Outra dúvida é relativa à repercussão da decisão no tempo: ex nunc ou ex tunc? Com efeito, o Senado, no exercício de sua competência privativa inscrita no artigo 52, inciso X, da Constituição, não revoga a lei ab initio – até porque isso só poderia decorrer do concurso de vontades das duas Casas parlamentares e da Presidência da República – mas, sim, (apenas) suspende-lhe a eficácia. Disso decorre eficácia temporal tão-só prospectiva, pro futuro, ou seja, ex nunc. No entanto, nada impede que o Poder Público – diante da generalidade própria à manifestação senatorial – reconheça repercussão ex tunc não só às partes do respectivo controle difuso, mas também à toda sociedade. É o que faz – de modo muito correto, leal e honesto – o parágrafo 2o do artigo 1o do Decreto 2.346, de 10 de outubro de 1997 (http://www.planalto.gov.br/ccivil_03/decreto/D2346.htm).

Também houve alguma controvérsia acerca de que espécies de decisões de inconstitucionalidade poderiam ser objeto da suspensão senatorial: apenas as típicas e clássicas, com redução de texto, ou também aquelas sem redução de texto. A prática do Senado Federal responde à questão. Veja-se, por exemplo, a Resolução 52 de 2005: “É parcialmente suspensa, sem redução de texto, a execução do art. 11 da Medida Provisória Federal nº 2.225-45, de 4 de junho de 2001, ficando excluído do seu alcance as hipóteses em que o servidor se recuse, explícita ou tacitamente, a aceitar o parcelamento previsto no dispositivo, em virtude de declaração de inconstitucionalidade em decisão definitiva do Supremo Tribunal Federal, nos autos do Recurso Extraordinário nº 401.436-0 – Goiás.”

Claro, a suspensão senatorial não cabe em sede de controle concentrado, uma vez que as ações diretas já têm – elas próprias – eficácia erga omnes. Do contrário, na fórmula muito bem empregada pelo mMinistro Moreira Alves, a Corte transformar-se-ia em um mero “clube lítero-poético-recreativo”, cuja decisão em sede de controle concentrado nada valeria, porque ficaria inteiramente dependente do acolhimento senatorial. Note-se: há, aqui, absoluta coerência com o entendimento que reconhece a facultatividade de o Senado suspender ou não a lei declarada inconstitucional pelo Supremo. Ambos são órgãos da maior envergadura institucional e, por isso mesmo, não podem ser submetidos ao reboque de outro poder.

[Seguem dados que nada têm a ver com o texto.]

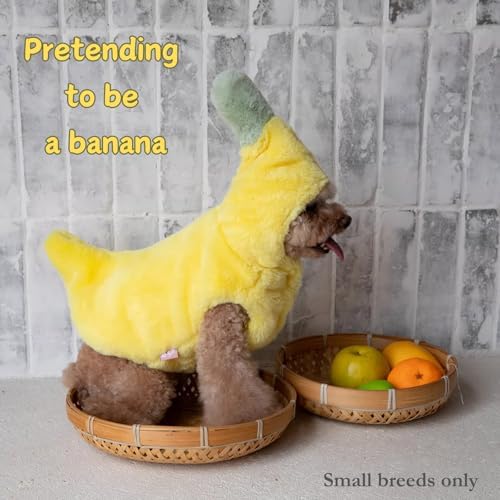 Dog Banana Winter Coat, Cute Extra-Warm/Soft Jackets for Small Dogs Under 35 lbs, Halloween Christmas Dress Up Outfit Clothes (X-Small)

Ademais, diferentemente do controle difuso, no controle concentrado há uma única questão a decidir: a correção constitucional da própria lei.

Outro dado importante, em geral não percebido, é relativo à origem das leis ou atos normativos sujeitos à suspensão senatorial. Ora, como o Supremo Tribunal Federal, no controle difuso, controla a constitucionalidade de leis e atos normativos federais, estaduais e municipais em face da Constituição da República, e considerando que o Senado Federal é a Casa de representação dos Estados – ou, mais propriamente, dos entes federados brasileiros – a suspensão pode atingir leis e atos normativos federais, estaduais e municipais. Na prática, são numerosos e recorrentes os exemplos de leis e atos normativos federais, estaduais e municipais suspensos pelo Senado no exercício da sua competência privativa constante do artigo 52, inciso X, da Constituição.

Vale registrar: é a Comissão de Constituição, Justiça e Cidadania do Senado Federal, no uso de competência a ela delegada pelo Plenário da Casa, que vota projetos de resolução acerca do artigo 52, inciso X, da Constituição (sem prejuízo de recurso ao Plenário na forma do inciso I do parágrafo 2o do artigo 58 da Constituição).

Enfim, a competência privativa do Senado Federal constante do artigo 52, inciso X, da Constituição suscita esses e muitos outros assuntos para pesquisa, todos com evidente repercussão prática. Ademais, implica mecânica que ajuda a compor a teia protetiva contra inconstitucionalidades, própria ao Direito brasileiro.

José Levi Mello do Amaral Júnior é professor de Direito Constitucional da Faculdade de Direito da USP e do Programa de Mestrado e Doutorado em Direito do UniCEUB. Procurador da Fazenda Nacional.